:: What is needed ::
Without the pictures, output the lines of the material from the very first through the one that holds "GA license plate CIZ2093".

=======

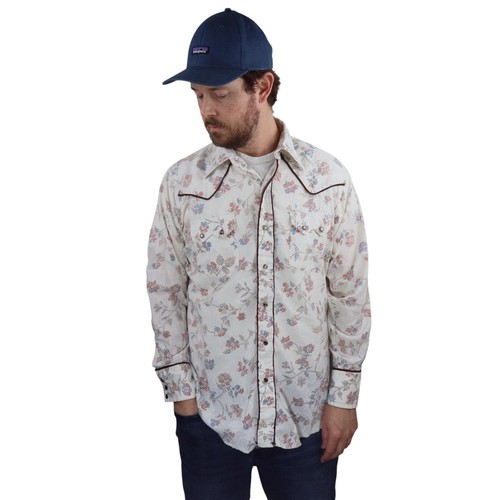 Vtg 70s Dee Cee Western Floral Pearl Snap Shirt Mens Large 16 Digital Floral L/S - Picture 2 of 10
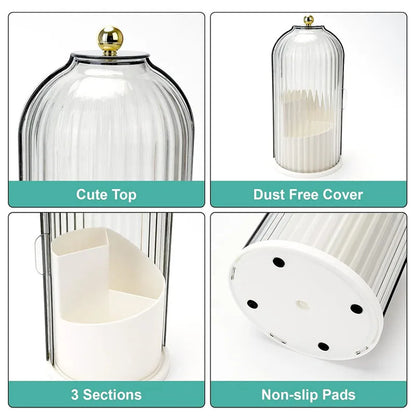 Toothbrush, Makeup, Holders with Sliding Lid Rotating Dustproof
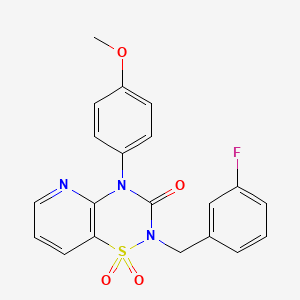 2-(3-fluorobenzyl)-4-(4-methoxyphenyl)-2H-pyrido[2,3-e][1,2,4]thiadiazin-3(4H)-one 1,1-dioxide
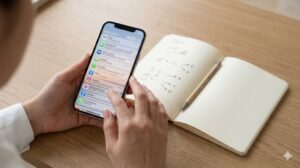 スマホの通知一覧をノートで振り返る様子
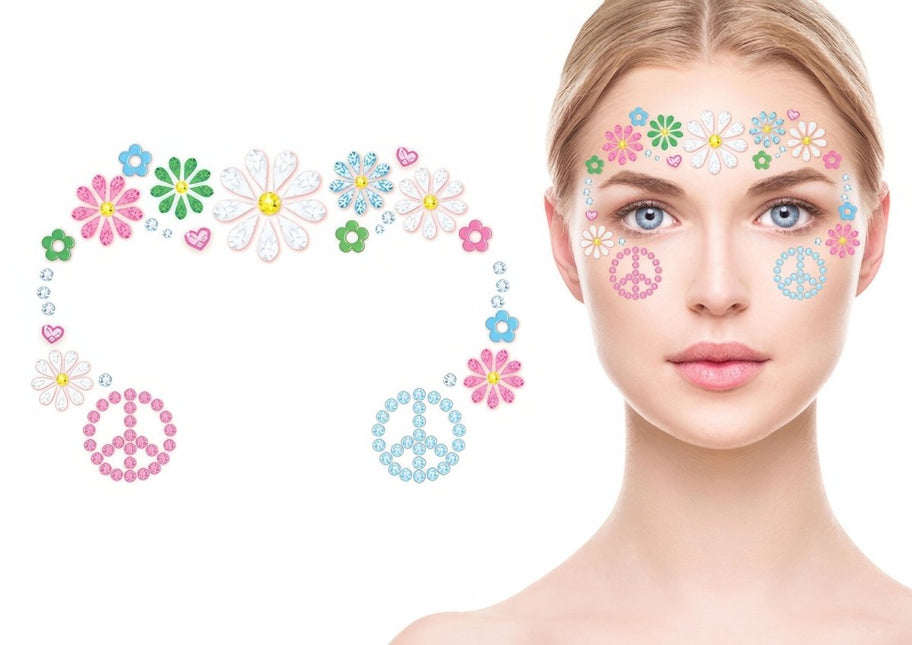 Hippie 60S Gezicht Stickers van Fiestas Guirca koop je bij Partywinkel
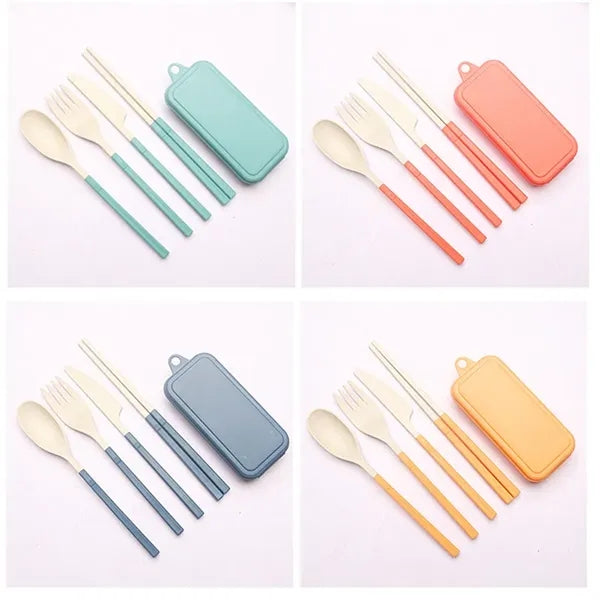 Wheat Straw Plastic Travel Cutlery Set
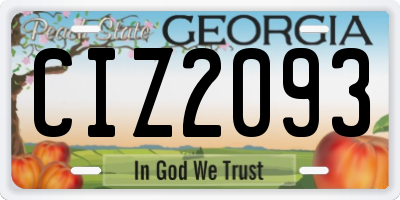 GA license plate CIZ2093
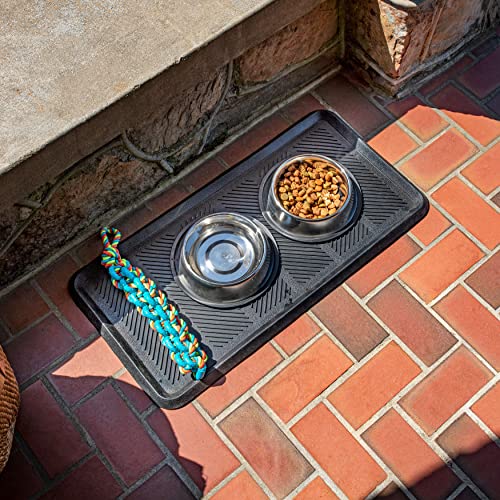 Mohawk Home Boot Tray All Weather Waterproof Mat for Entryway, Shoes, Pet Food Tray, Garden, Indoor Outdoor Black Rubber 1'4"x2'8" - size: 1'4" x 2'8" (Rectangular)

=======

:: Reply ::
 Vtg 70s Dee Cee Western Floral Pearl Snap Shirt Mens Large 16 Digital Floral L/S - Picture 2 of 10
 Toothbrush, Makeup, Holders with Sliding Lid Rotating Dustproof
 2-(3-fluorobenzyl)-4-(4-methoxyphenyl)-2H-pyrido[2,3-e][1,2,4]thiadiazin-3(4H)-one 1,1-dioxide
 スマホの通知一覧をノートで振り返る様子
 Hippie 60S Gezicht Stickers van Fiestas Guirca koop je bij Partywinkel
 Wheat Straw Plastic Travel Cutlery Set
 GA license plate CIZ2093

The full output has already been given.